Her ten-year career as a leading Broadway actress included top roles in such plays as Robert Browning's In a Balcony (1900), Shakespeare's Romeo and Juliet (1903) opposite Kyrle Bellew, Israel Zangwill's Merely Mary Ann (1903–04 and 1907), Oliver Goldsmith's She Stoops to Conquer (1905), Zangwill's Nurse Marjorie (1906), and Paul Armstrong's adaptation of Bret Harte's Salomy Jane (1907).

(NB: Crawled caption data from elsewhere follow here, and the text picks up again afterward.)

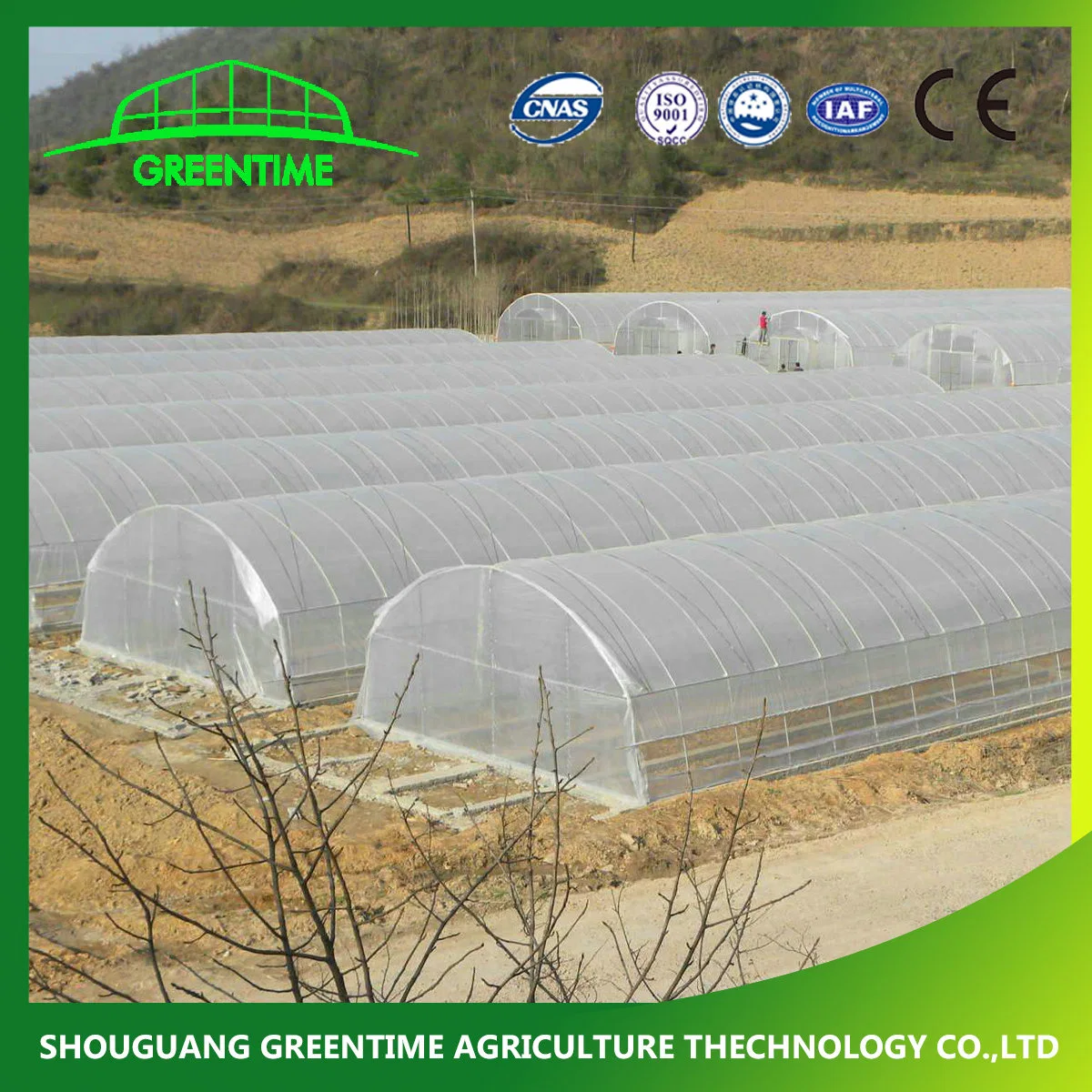 Agricultural/Commercial Single Span/Cheap Tunnel/Gothic Plastic Film Hydroponic Greenhouse for Tomatoes Lettuce Cucumber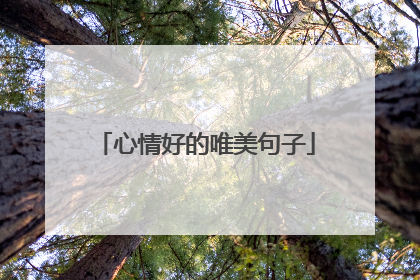 心情好的唯美句子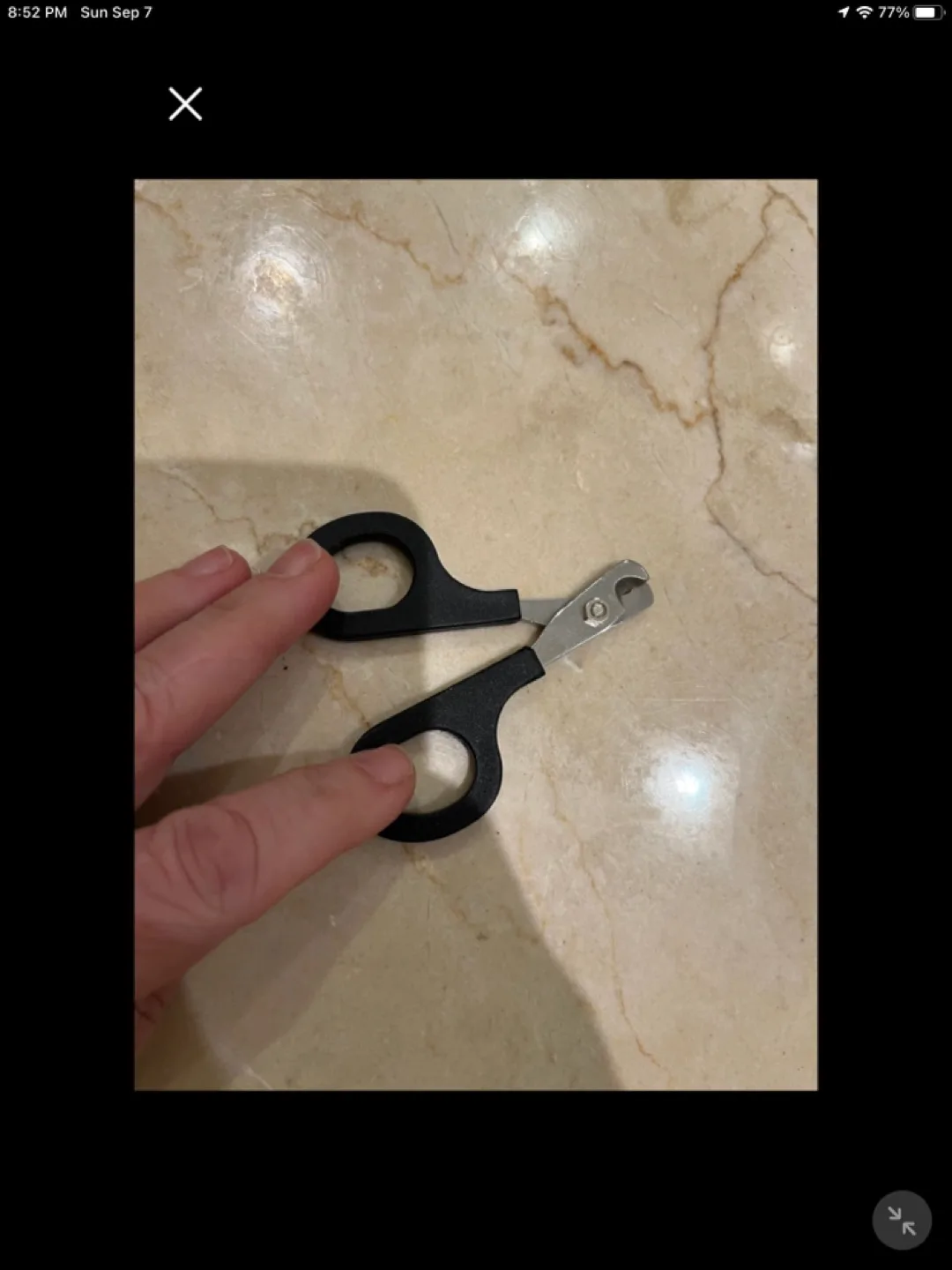 Pet Nail Clippers thumbnail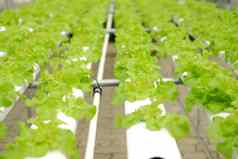 生菜蔬菜日益增长的植物托儿所水培法农场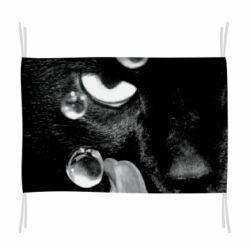 Прапор The cat licked - PrintSalon
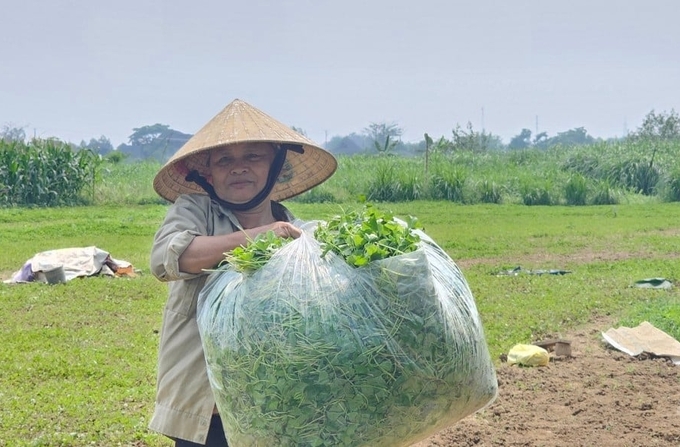 Nhiều hộ dân tại Làng cổ Đông Sơn có thu nhập ổn định nhờ trồng rau má. Ảnh: Quốc Toản.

Robson authored a play, Christopher Rand, which had the unfortunate timing of opening in New Haven just as the stock market crashed in October 1929, resulting in its anticipated Broadway run being cancelled.

===Philanthropy===
In 1912, she started the Society for the Prevention of Useless Giving (SPUG) with Anne Tracy Morgan. Belmont joined the Metropolitan Opera's board of directors in 1933, founded the Metropolitan Opera Guild in 1935 and the National Council of the Metropolitan Opera in 1952. These organisations helped shape the multi-source public-private funding model used by US performing arts organisations in the ensuing decades

==Personal life==
Upon her marriage to August Belmont Jr. on 26 February 1910, Eleanor retired from the stage. August and Eleanor were married for over fourteen years until his death on 10 December 1924. Belmont died in her sleep in New York City on 24 October 1979. She was 99 years old.